A polícia investigou no começo, mas, acabou confirmando a versão de Winona, de que foi apenas um infeliz acidente. Como vou fazer isso? Não tenho recursos. Não tenho contatos. Talvez... Eu abano a cabeça. Não, Helena  não me ajudaria. Por que faria algo bom para mim?

- Helena  não quer ninguém por perto, Winona. – digo, forçando meu tom mais firme. – Ela é uma pessoa muito reservada, como já deve ter percebido. – ouço um gemido de desgosto do outro lado, Além disso, tirem da cabeça, essa ideia absurda de tramar contra uma mulher como a Helena , aviso-as. – Ela já mostrou que não perdoa deslizes, Por isso estou aqui, pagando essa maldita dívida. – isso a deixa em silêncio por uns instantes.
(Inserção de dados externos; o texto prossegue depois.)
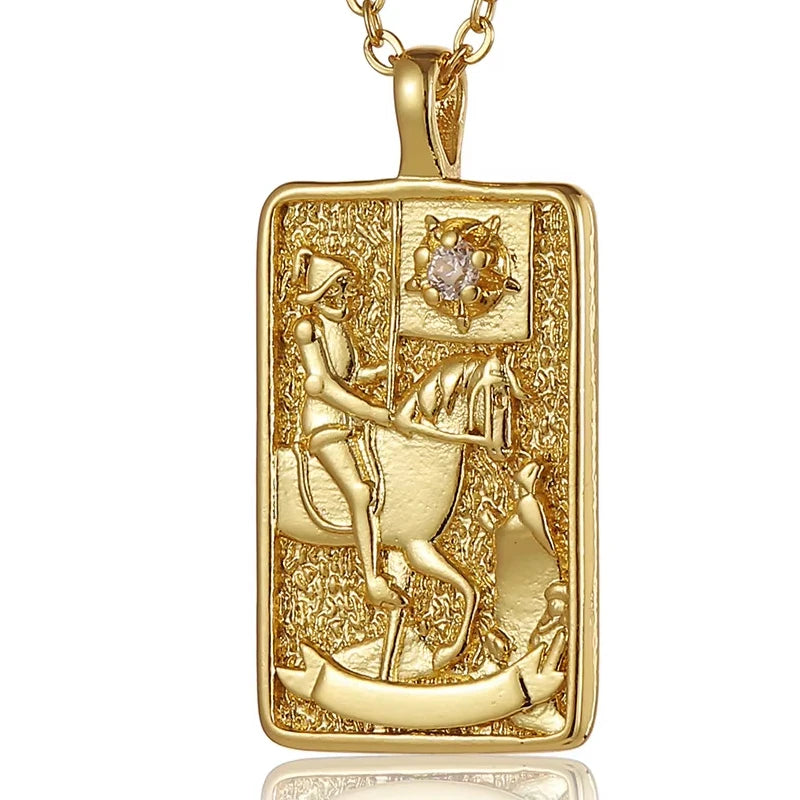 Zirconia Tarot Card Necklace Classic Tarot Queen Lover Magician Moon Wealth Amulet Stainless Steel Jewelry
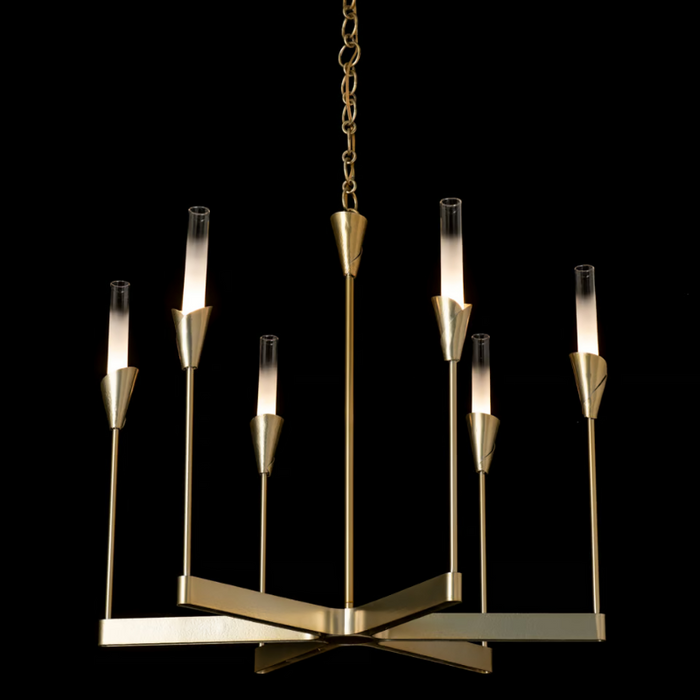 Hubbardton Forge 101702 Lilium 6-lt 30" Chandelier - Modern Brass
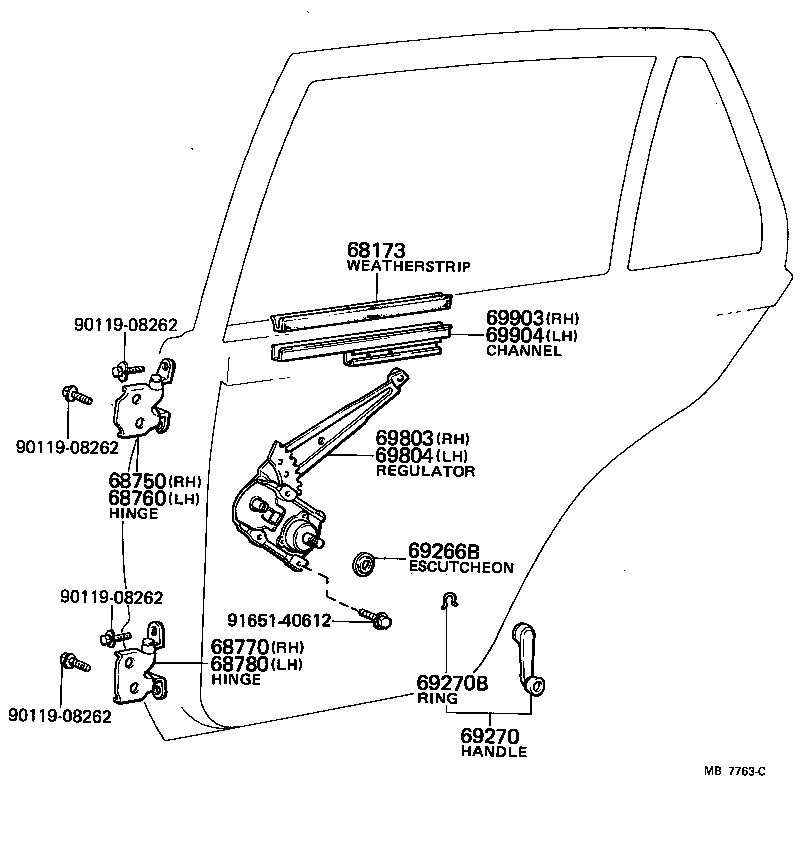 Rear Door Window Regulator Hinge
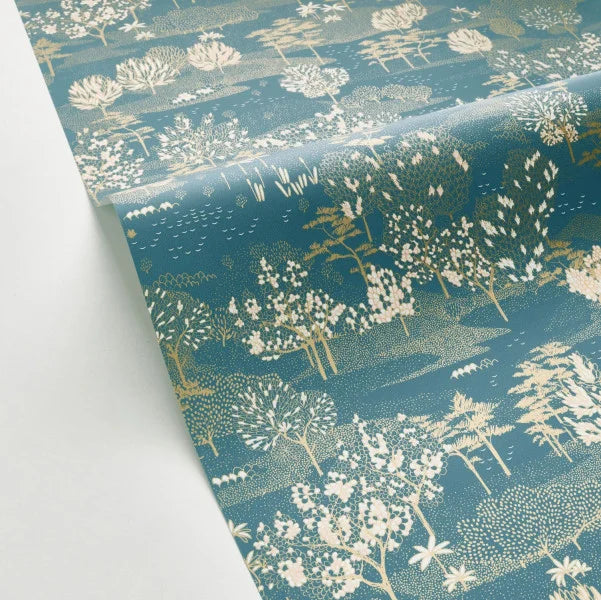 Olinda Garden Wallpaper - Teal Gold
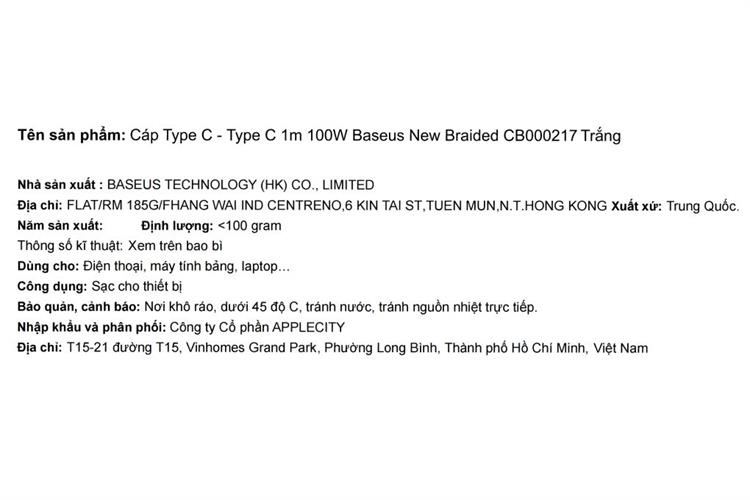 Cáp sạc nhanh Type-C - Type-C 100W 1m Baseus New Braided CB000217 Màu Trắng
- Eu sei, querida. Posso imaginar o quanto isso está sendo difícil para você. – volta ao tom conciliador.

- Que tal almoçarmos amanhã? Vamos discutir tudo com mais calma.

Está bem. Concordo para me livrar.

Oh, perfeito! – seu tom volta à euforia. – Vou fazer as reservas naquele restaurante chiquérrimo que inaugurou no mês passado. A senhora Weinberg precisa começar a circular. Eu e sua irmã vamos ajudá-la, não se preocupe. – Eu rolo os olhos.

- Eu preciso desligar agora, Winona. – desligo, não lhe dando tempo para replicar.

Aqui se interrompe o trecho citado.